Watch the prototype here: http://www.youtube.com/watch?v=3emln37AYD4

On Christmas Eve 1952, the futuristic Handley Page Victor, the third of Britain’s V-Force nuclear deterrent aircraft, soared into the air for the first time. Its innovative crescent-shaped wing allowed the Victor to cruise close to the speed of sound and to break through the sound barrier in a shallow dive, making it the fastest large aircraft until Concorde. The first Victors were delivered to RAF Gaydon in 1957, now home to the British Motor Museum, Jaguar Land Rover and Aston Martin, and the type remained in service until October 1993 - an incredible 41 years supporting the defence of the United Kingdom and its NATO allies.
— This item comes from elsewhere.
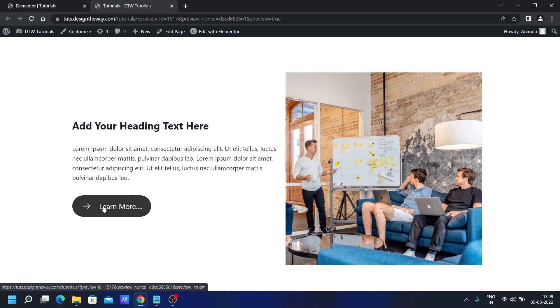And finally, if you need help with your Elementor or WordPress project, feel free to contact me through my website. The link is in the description below. I hope you have learned something new today.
The first Victor prototype was built at Handley Page’s factory in Radlett but was too large to take off from the company’s runway, so was taken apart and transported by road to RAF Boscombe Down.  The top-secret load was disguised as a boat hull, hidden under tarpaulins marked GELEYPANDHY / SOUTHAMPTON - Geleypandhy being an anagram of Handley Page corrupted by a sign-writer’s error. The passage of the massive aircraft can’t have been particularly inconspicuous as it was proceeded by government-authorised bulldozers that widened the road and scraped new paths around obstacles.

Although designed to carry Britain’s nuclear deterrent, the Victor is best known for its role as an air-to-air refuelling tanker during the 1982 Falklands conflict. Eleven aircraft in a carefully choreographed routine refuelled the solo attacking Vulcan for the world-record 8,000 mile sortie, allowing Vulcan XM607 to release its bombs over the Port Stanley airfield runway and initiate the campaign that led to the recapture of the Islands.

XH558 saluted two of the type in 2015 during her final season of flight.

 

XH558 overflew the Victors, Lusty Lindy at Elvington, Yorkshire and ‘Teasin’ Tina’ at Bruntingthorpe in Leicestershire during her Farewell to Flight season. Images courtesy of James Mason and Phil Catleugh.